Dear Travel Coach,
I run an independent agency and want more clients. I have been advised to start networking and to join a breakfast group. What is networking and would you recommend it?
The big idea behind networking is that by regularly meeting people and building personal rapport, and trust with them you will increase business opportunities. This is done by promoting yourself (instead of your company) with the largely, but not entirely, truthful adage in mind that ‘people buy people first’.
At its simplest, networking is the attitude that when you are at a work-related gathering, many of the other people there are either potential clients or capable of referring you to potential clients. Be aware however not to treat everyone as a prospect nor make it obvious you are viewing them as such, otherwise they will keep a distance from you (think how unpleasant it is when somebody thrusts a business card in your hand). To maintain a balance you need to listen, show genuine interest and obtain the other person’s card (this also gives you the power to contact them).

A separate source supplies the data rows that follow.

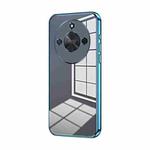 For Honor X50 Transparent Plating Fine Hole Phone Case(Blue)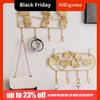 Creative Organizer Ginkgo Leaf Metal Coat Hooks Iron Art Heavy Duty Coat Hanger Nordic Style Golden Wall Hooks Wall Mounted
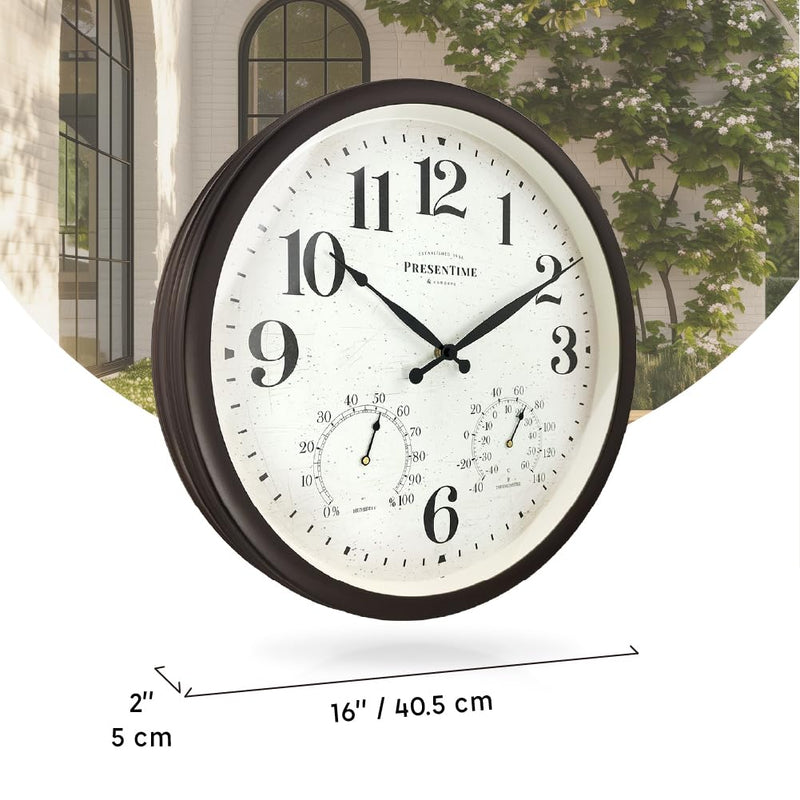 Presentime & Co 16" Farmhouse in/Outdoor Clock, Wall Clock & Weather Station, Weather Thermometer, Wall Décor and Timepiece for Farmhouse Decoration, Oil Rubbed Bronze Finish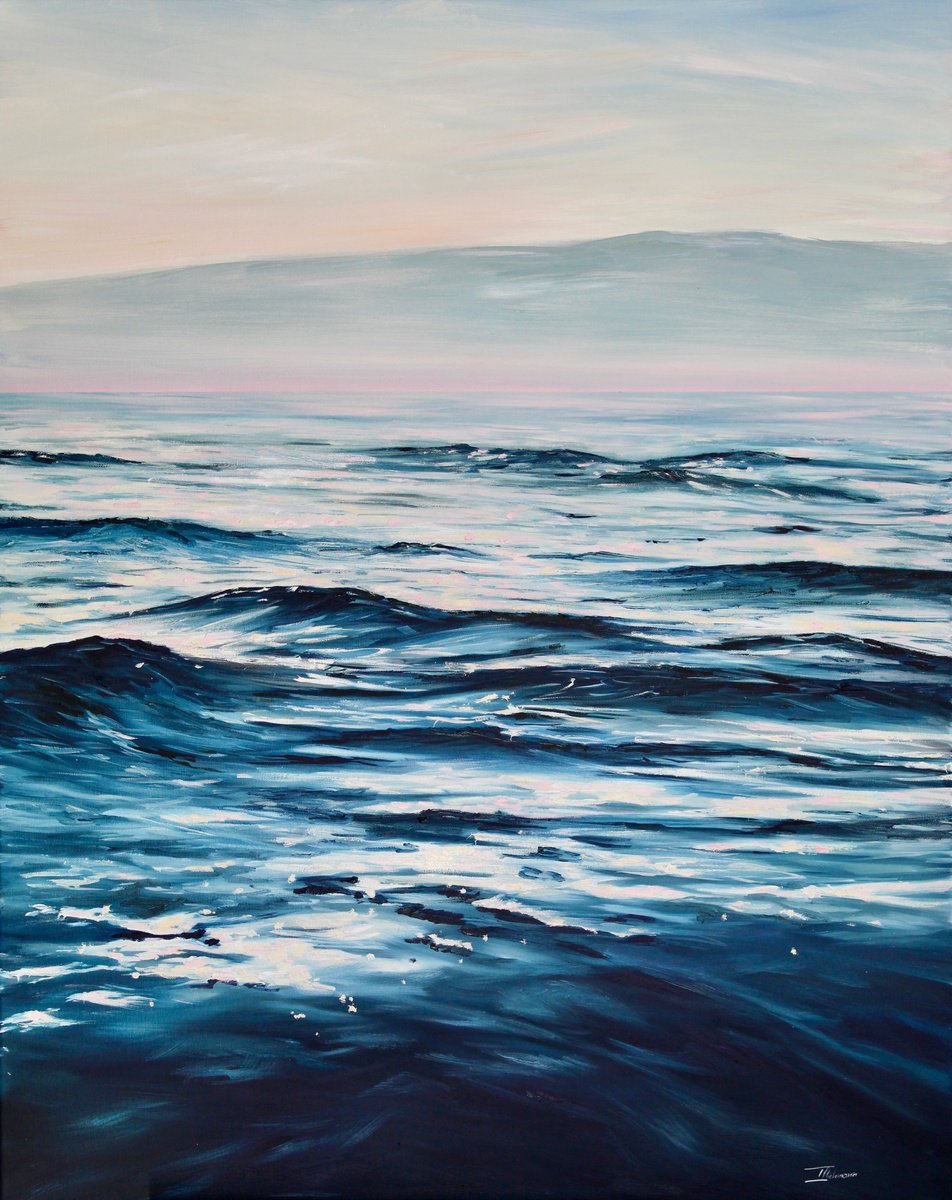 Impressionistic Landscape Oil Painting By Liza Illichmann, 31 X 39", Waves, Original Artwork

Your stated reason to network is to acquire more customers. This is fine, but don’t assume everyone else has the same motive. I met a university librarian at a networking skills event. Unable to guess her commercial motive (after all, libraries lend – they don’t sell), I asked her purpose and she explained that success for her was having empty shelves. If her books were out on loan at the Universities of Helsinki and Rio, she was doing well and networking was a way of achieving this goal.

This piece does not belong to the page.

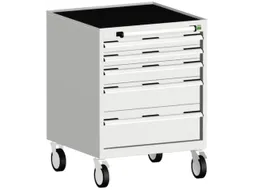 ladekast verrijdbaar 880x650x650mm 5laden romp RAL7035 front RAL7035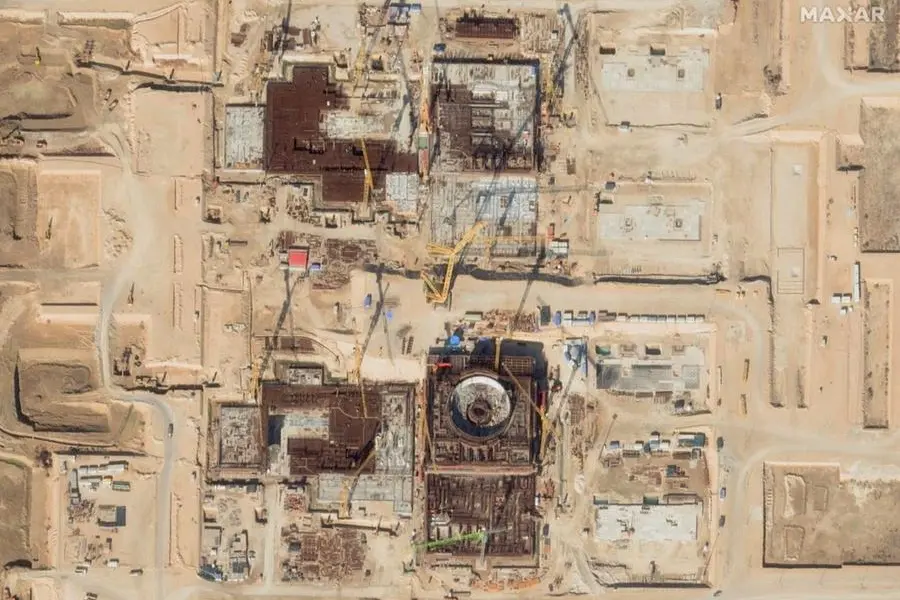 A satellite image shows new reactors under construction at the Bushehr site in Iran in this handout image dated January 1, 2025. Maxar Technologies/Handout via REUTERS , via REUTERS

So, by tuning in to their definitions of success, you can assist other people before they help you and thereby gain credibility and the right to request their support in return.
On the back of this ‘mutual support’ idea, some entrepreneurs have formed ‘open to new members’ networking groups. They have a tendency to posture as ‘professional’ associations but are businesses and profit is central to their aims. There is nothing wrong in this, but do remember where their priority lies when you consider signing up. Their profit comes before yours so look at the fees involved with care.

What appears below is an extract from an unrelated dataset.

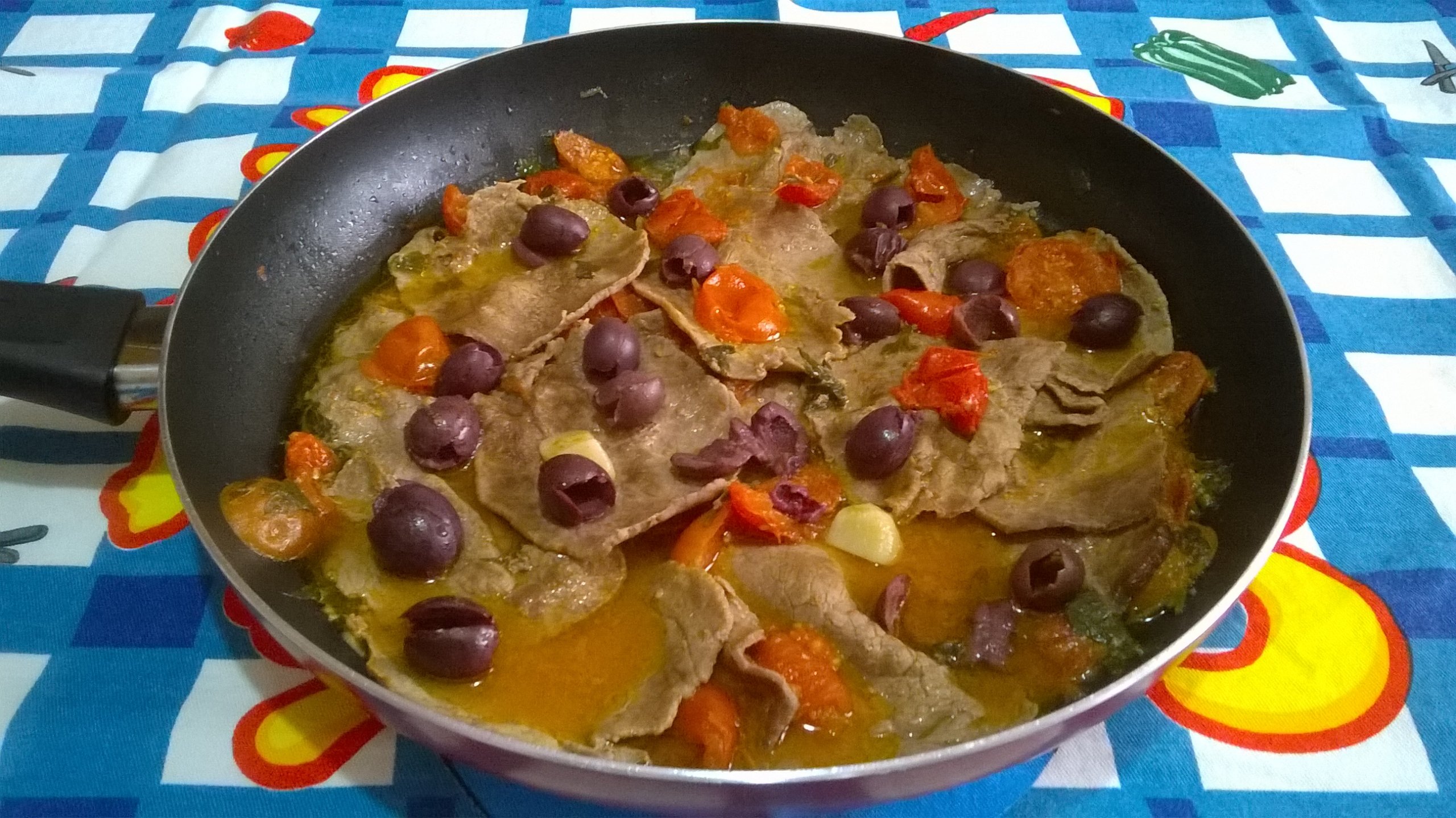 Fettine alla pizzaiola con le olive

The term raison d’etre of networking groups is to gain business for members. They can be successful, but be aware that people whose services are used out of desperation (plumbers, electricians, roofers) or legal obligation (lawyers, accountants) fare better than the others. Unfortunately, travel agents, like insurance brokers, are one of many competing channels and you will need to work much harder than other nominally equal members to get business referrals and loyalty from your cohort.
Lastly, networking companies’ regulations and habits foster a ‘team’ ethos. This is often a false construct to make you feel that membership is worthwhile even when it actually isn’t. Fine if you obtain gratification from being among ‘mates’ in a group but do consider if it is really worth being part of ‘We’ if it is at the expense of ‘Me’.